--- TASK TO COMPLETE ---
The reply should contain all the data below, repeated exactly, and none of the images.

--- EXERCISE DATA ---

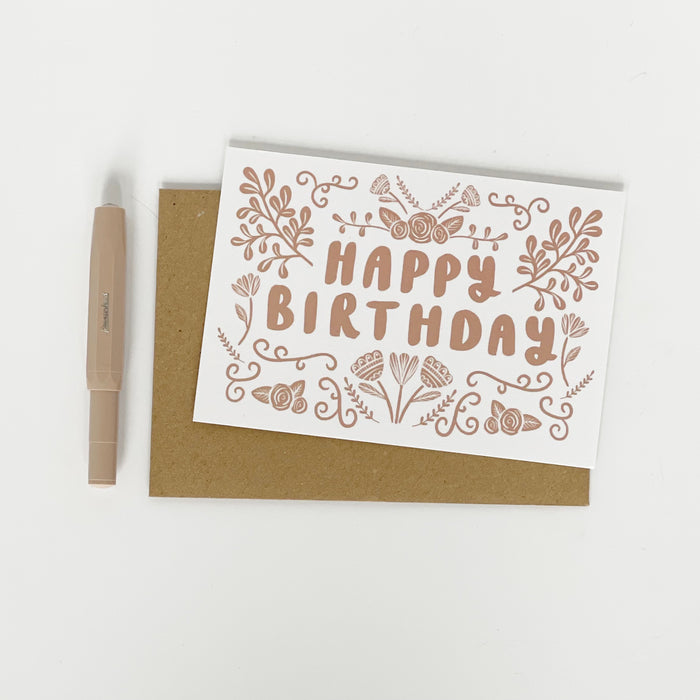 Happy Birthday - Folk Brown
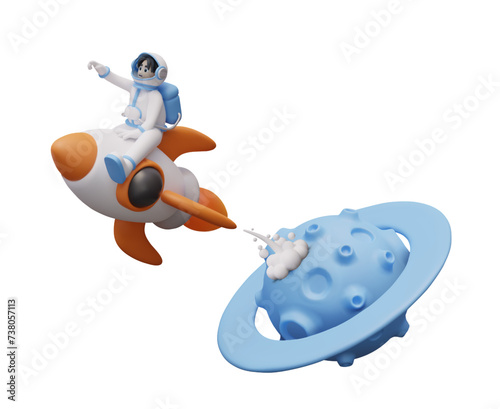 Male character in space suit is flying in space. Astronaut takes off on rocket from blue planet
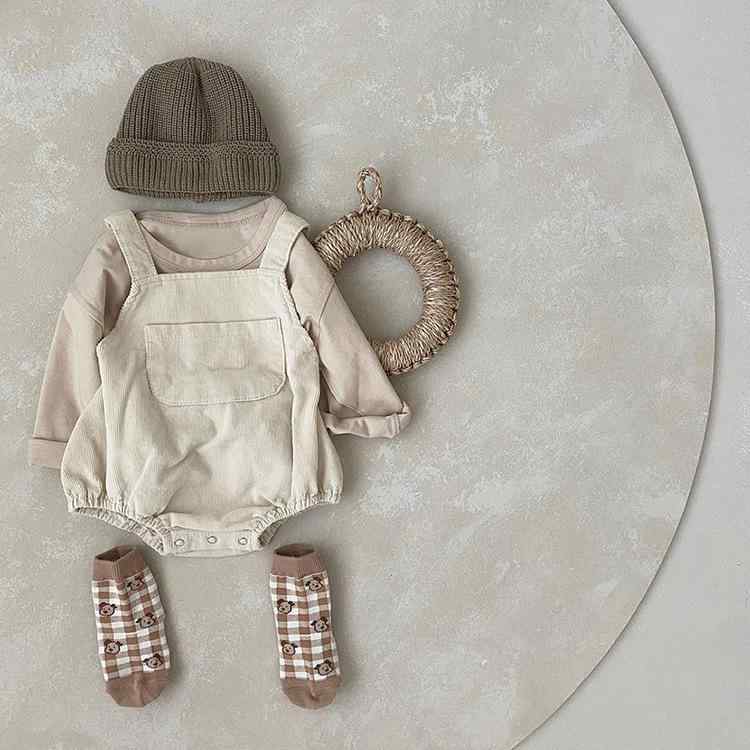 ベビー オーバーオール 春秋 男女兼用 コーデュロイ サロペット パンツ 新生児 赤ちゃん 子供服 かわいい 短パン 66cm 73cm 80cm 90cm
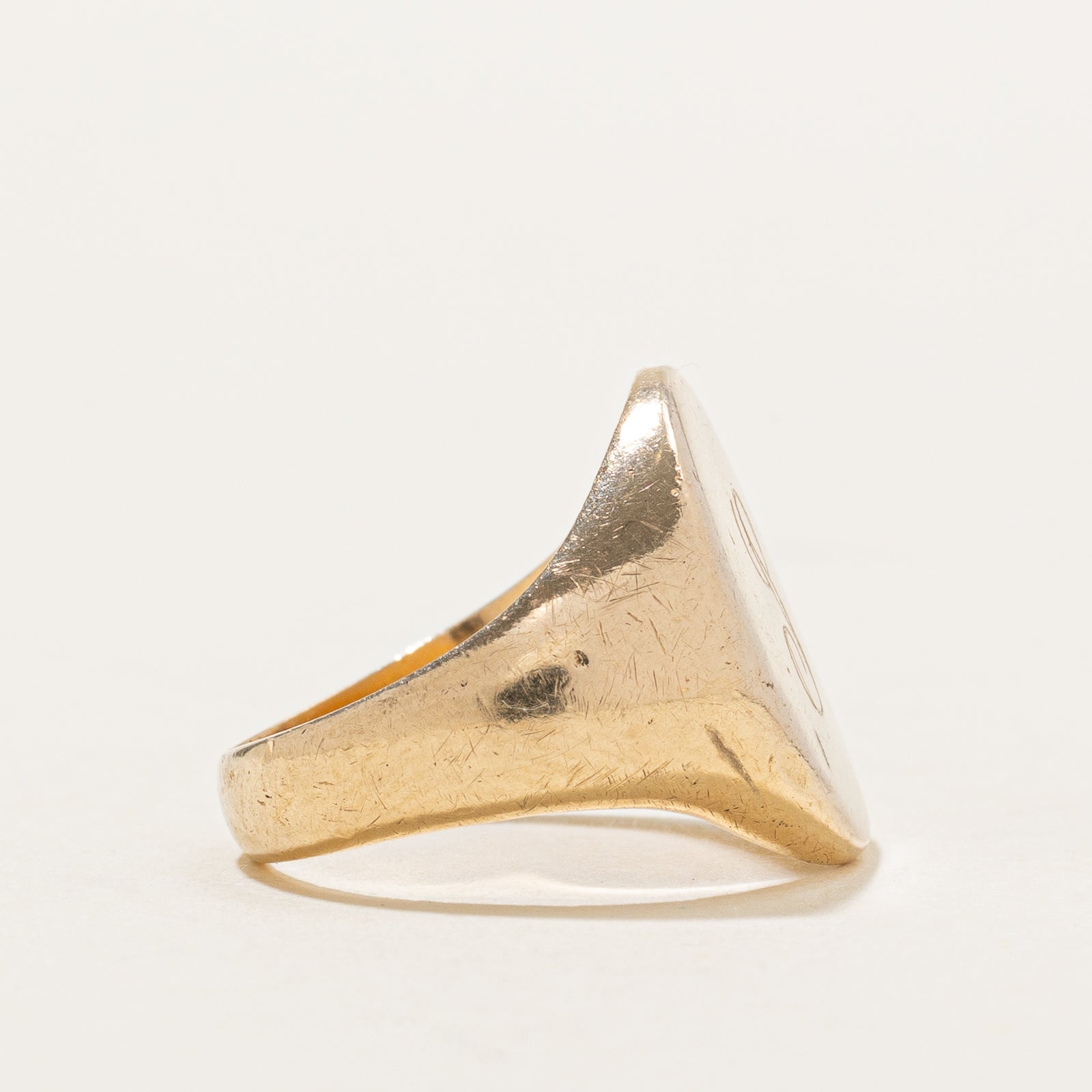 10k Yellow Gold "S" Initial Signet Ring | SZ 2.75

--- REPLY TO THE TASK ---
 Happy Birthday - Folk Brown
 Male character in space suit is flying in space. Astronaut takes off on rocket from blue planet
 ベビー オーバーオール 春秋 男女兼用 コーデュロイ サロペット パンツ 新生児 赤ちゃん 子供服 かわいい 短パン 66cm 73cm 80cm 90cm
 10k Yellow Gold "S" Initial Signet Ring | SZ 2.75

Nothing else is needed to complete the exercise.